It trades at about CFA50 to R1, or about 2c for each CFA. There are quite a few notes in issue – from the much-crumpled CFA500 note (R10) to the CFA1 000, the CFA2 000, and so on. Many of the notes are very old and crumpled and many are clearly forged.

It is quite possible that very many are forged but this hardly stops them from circulating. The currency has stabilised to the point that it is hardly worthwhile forging the notes, given the cost of ink and paper and the possibility of jail. It is a very interesting matter, since whoever has a few CFAs and wants to buy something is effectively saying: “I have been given this in exchange for work or goods I sold and now I want to exchange it for similar [value].”

The French government has pegged the CFA to the euro at €1 = CFA655, which stops it sliding as far as, for example, the Zimbabwe dollar. The interest I have in this currency is that it is effectively of no significance.
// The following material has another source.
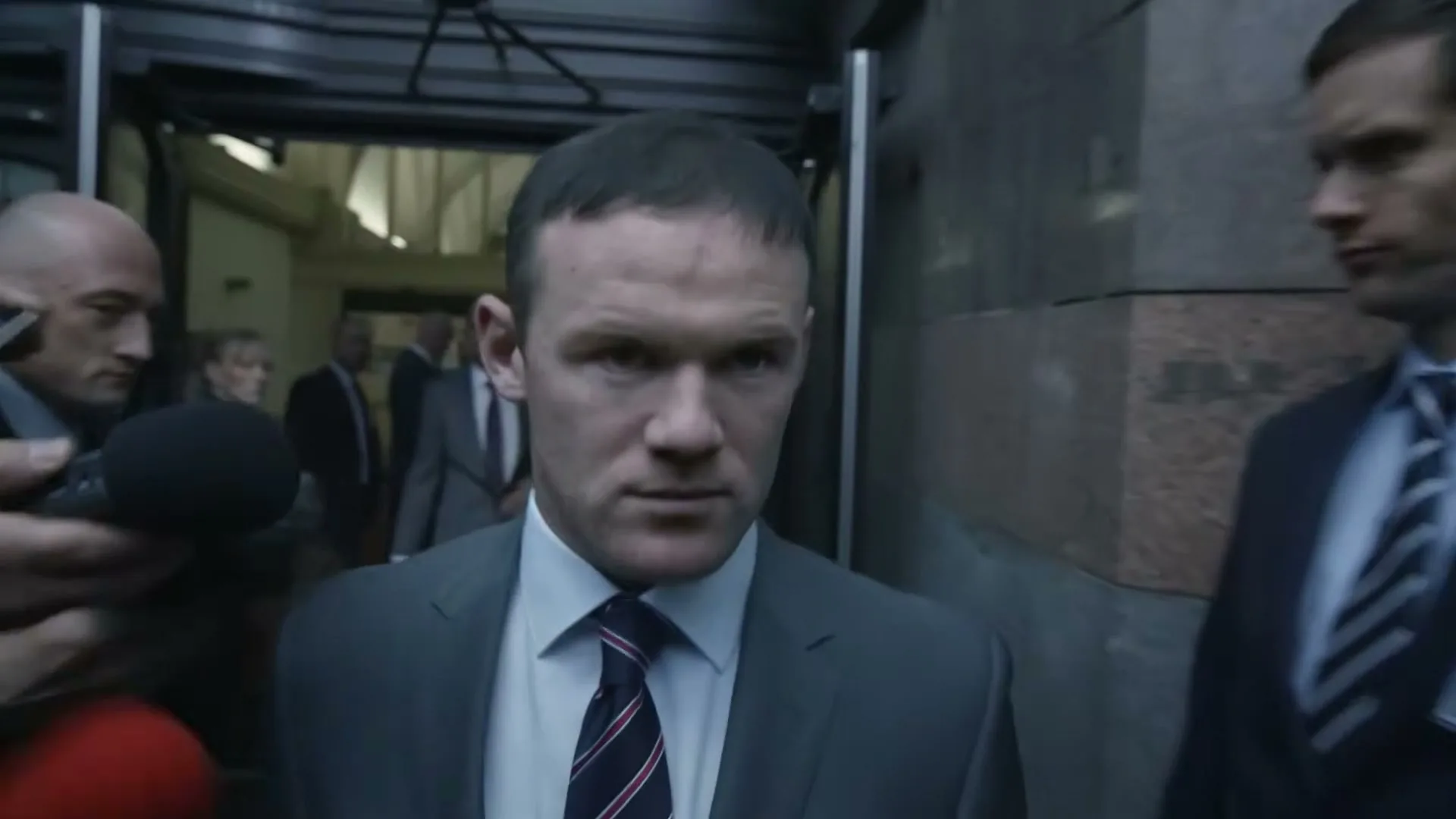 Wayne Rooney, a male in his 20s, wearing a suit and tie, walks through a crowd of paparazzi and reporters outside a building.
It only has value in the hands of a person and, as I said, it matters not to forge it. I was thinking about this when I was standing in a queue at my bank. Depending on how you look at it, banks are wonderful or awful things. Very often, if anybody tries to criticise a bank in a newspaper article, the editor will redline it. Banks take out a lot of advertising, on which printed media relies. Oh, they would all “like to be your bank” and “how can we help you?” but, when you criticise them, it will be advertising “today, tomorrow, together . . . never”. They just pull the advert, which, uh, hurts. And then they make you queue in the bank. They make it hard for you to draw cash without giving notice and then they charge you for drawing the cash. They lace your account with charges for every last thing. In the old days, they made money by lending money at a higher interest rate than they paid to borrow it. Now they make it from charges and savings on staff – we queue because they do not want to pay for more staff. They grind us everywhere. They offer to lend money when you do not need it and then would not lend you money when you do need it.

And their call centres . . . must be the worst on the planet. So awful. None of this, however, affects the simple holder of CFAs. He or she proffers his or her currency as cash. Only accepts cash. Trades in cash. Thus, the question is not “Will the banks ever get better?” Instead, it is “What can replace the CFA as the trading currency for 50-million people in Central Africa?”. The answer is the cellphone. Not right now. Now it is open to fraud. But add a few features, like voice recognition, print recognition and a few more less obvious recognition items, and one gets a very reliable hand-held bank.

Want to buy goods? Transfer from your phone to the vendor’s. Anywhere. Oh, one can spring up and say, O! Do these people have cellphones? Can they afford them? Well, just about all of them do have cellphones right now. Not all of them smartphones but, guess what, smartphones are not required.

This will happen, I am sure as day follows night. The banks will say, who cares, let us now concentrate on the real business of financing governments and wind turbines and arms deals. We do not need the public. This is not so. They do need the public. The public is one huge cash cow. Workers have to be paid. If you can pay them without going through the banks, so much the better. No more fees. No more queues. As I stand in the endless queue . . . bring it on.